Where does the word "violent" occur in the entries below? Copy every line that has it.

(Scraped caption text data)

● ● ● ●

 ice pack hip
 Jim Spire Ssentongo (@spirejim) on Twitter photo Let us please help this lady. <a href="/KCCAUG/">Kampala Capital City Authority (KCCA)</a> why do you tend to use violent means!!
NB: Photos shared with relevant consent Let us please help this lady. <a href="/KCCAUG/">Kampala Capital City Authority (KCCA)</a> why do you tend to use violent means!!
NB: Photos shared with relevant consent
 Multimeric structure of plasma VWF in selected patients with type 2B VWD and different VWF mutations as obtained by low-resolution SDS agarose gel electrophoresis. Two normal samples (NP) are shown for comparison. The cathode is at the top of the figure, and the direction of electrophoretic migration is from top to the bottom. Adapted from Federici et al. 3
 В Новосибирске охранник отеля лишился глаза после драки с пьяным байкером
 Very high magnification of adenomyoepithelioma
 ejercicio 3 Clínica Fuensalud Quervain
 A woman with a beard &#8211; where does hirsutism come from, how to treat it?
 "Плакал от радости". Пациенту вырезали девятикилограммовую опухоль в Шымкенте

● ● ● ●

Answer for the task.
 Jim Spire Ssentongo (@spirejim) on Twitter photo Let us please help this lady. <a href="/KCCAUG/">Kampala Capital City Authority (KCCA)</a> why do you tend to use violent means!!
NB: Photos shared with relevant consent Let us please help this lady. <a href="/KCCAUG/">Kampala Capital City Authority (KCCA)</a> why do you tend to use violent means!!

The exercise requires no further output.